What struck me in the article however is Liberty's stance on public/private partnerships to invest in fiber architecture. Freely translated, chairman Fries states:
I am worried about the intentions of governments investing in fiber. When it involves government subsidies, this will negatively affect the level playing field. When subsidies are conform a market economy investment standard this is less of an issue, but I have doubts whether this is feasible.
Now, understandably Libery is upset about this, given that the city of Amsterdam has already successfully applied this exemption for fiber. In the Citynet case of 2008 before the Commision, Amsterdam's investment into fiber-to-the-home architecture was not deemed to concern state aid. Liberty's subsidiary UPC was one of the complainants in this case, and apparently is still sour over the Commission's decision.

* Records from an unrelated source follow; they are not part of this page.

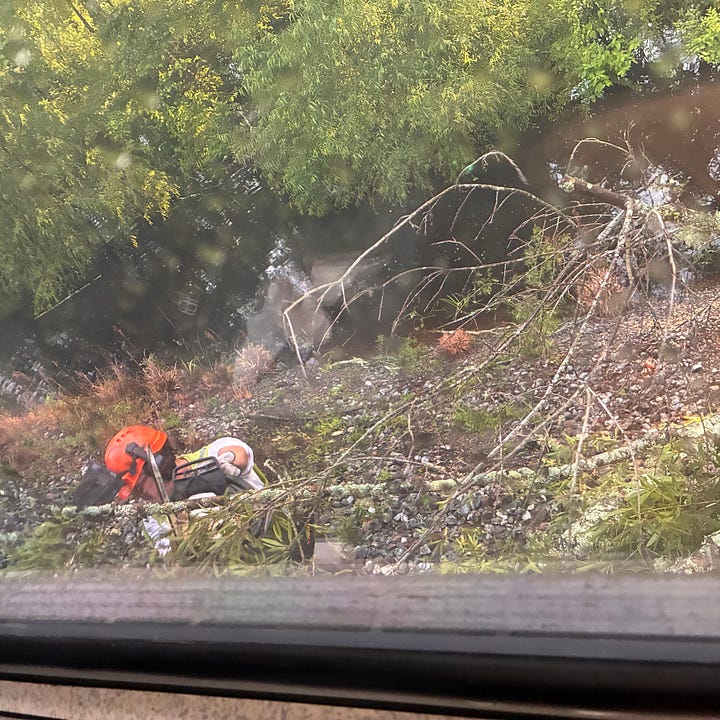 Chainsaws cut the Voodoo Express loose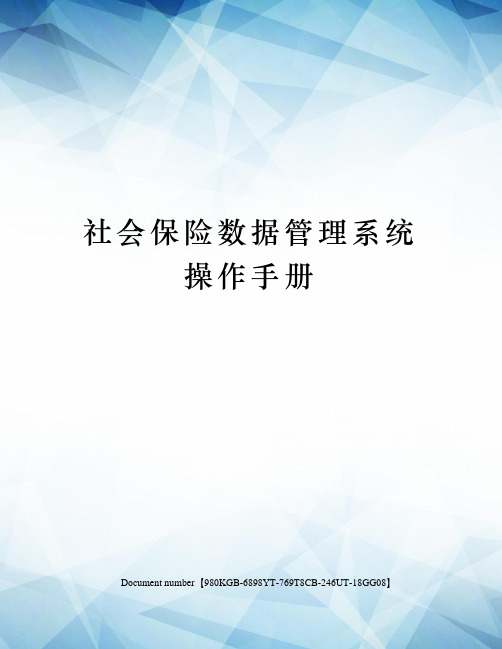 社会保险数据管理系统操作手册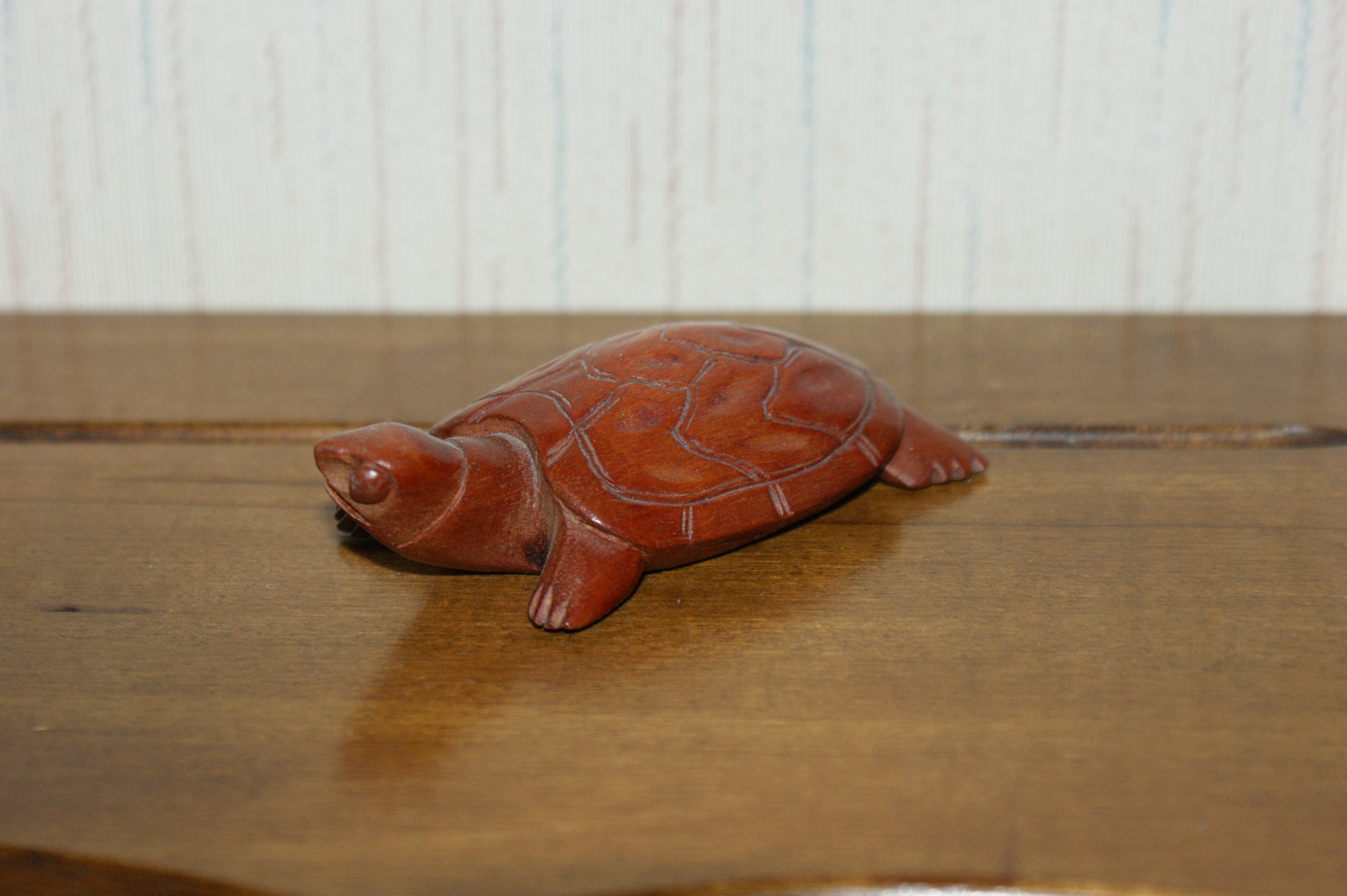 Wooden turtle (unknown wood)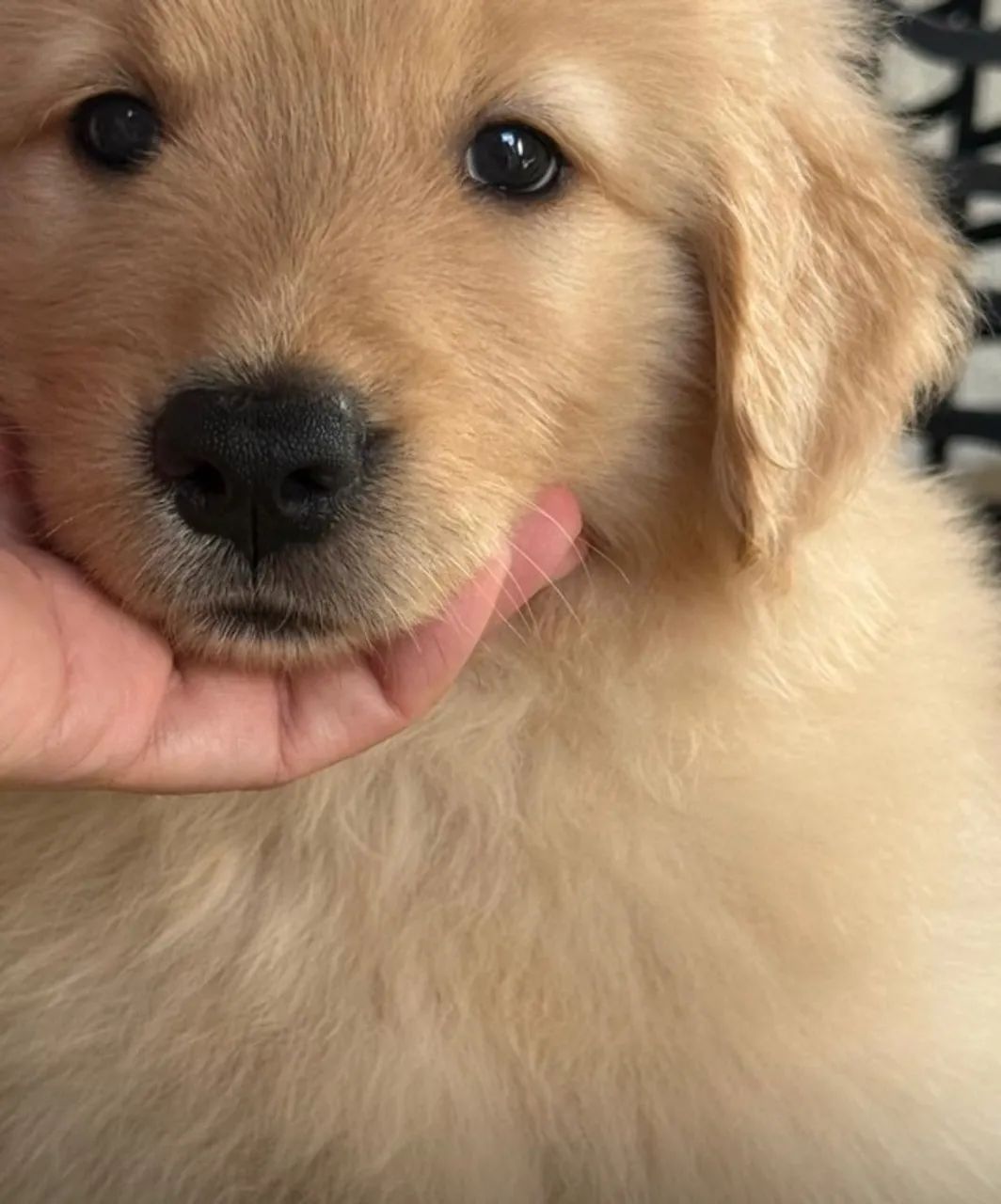 Cachorro - Foto 3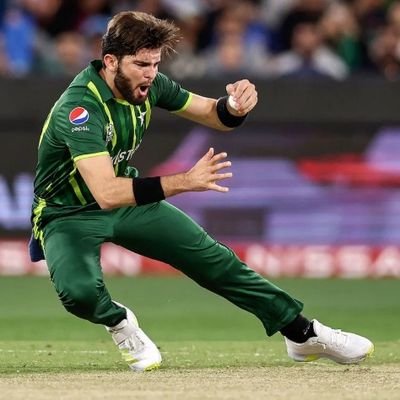 A Weirdo But I Am Real Though!|
Botánico Para Ser 👩🌾 🌴|
Cricket 🏏|
Love Reading📖|
Tea 🍵 And Hope Addicted|
Die Hard Fan Of @TeamQuetta ⚔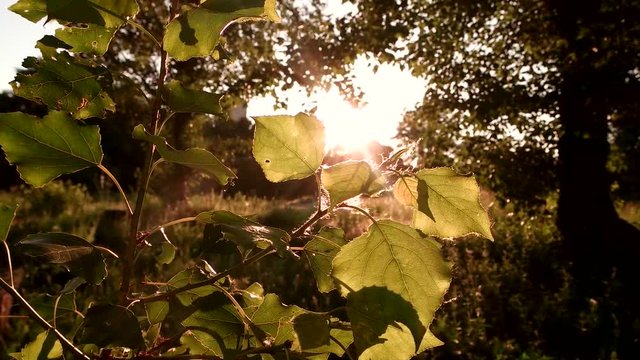 Tree leaves in sunlight. Nature and bright sun. Quiet and peaceful place. Where to hide from bustle.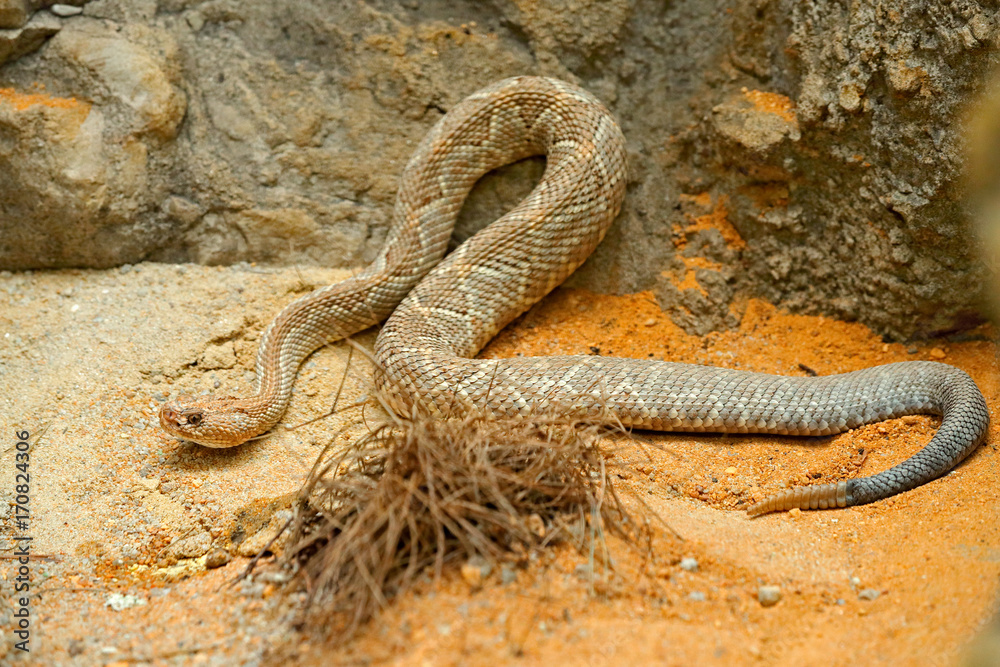 Fototapeta premium Crotalus durissus unicolor, Aruba island rattlesnake, Cascabel. Rare endemic snake from Aruba island. Dangerous poison snake at nature habitat, stone and sand. Rocky mountain danger snake with grass.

So what does this tell about Liberty's incentives? Not upgrading its cable network to match fiber speeds might lead to public investment into fiber—and it shows Liberty is not too keen on that. At the same time, rolling out fiber itself carries great sunk costs. To solve this dilemma—as Rudolf (again) has accurately pointed out before—Liberty is very comfortable on markets with (DSL) incumbents averse to innovation into fiber. This allows Liberty to go sit above DSL and just below fiber speeds, which both increases its market share and keeps public investment into fiber at bay. The question is however how sustainable such a strategy is in the long run. The gap between fiber and 'old broadband' will widen eventually, and demand for fiber speeds will rise inevitably. Ergo, there will be public initiatives to roll-out fiber at some point, backed by European state aid laws. The living proof of this is Amsterdam's Citynet.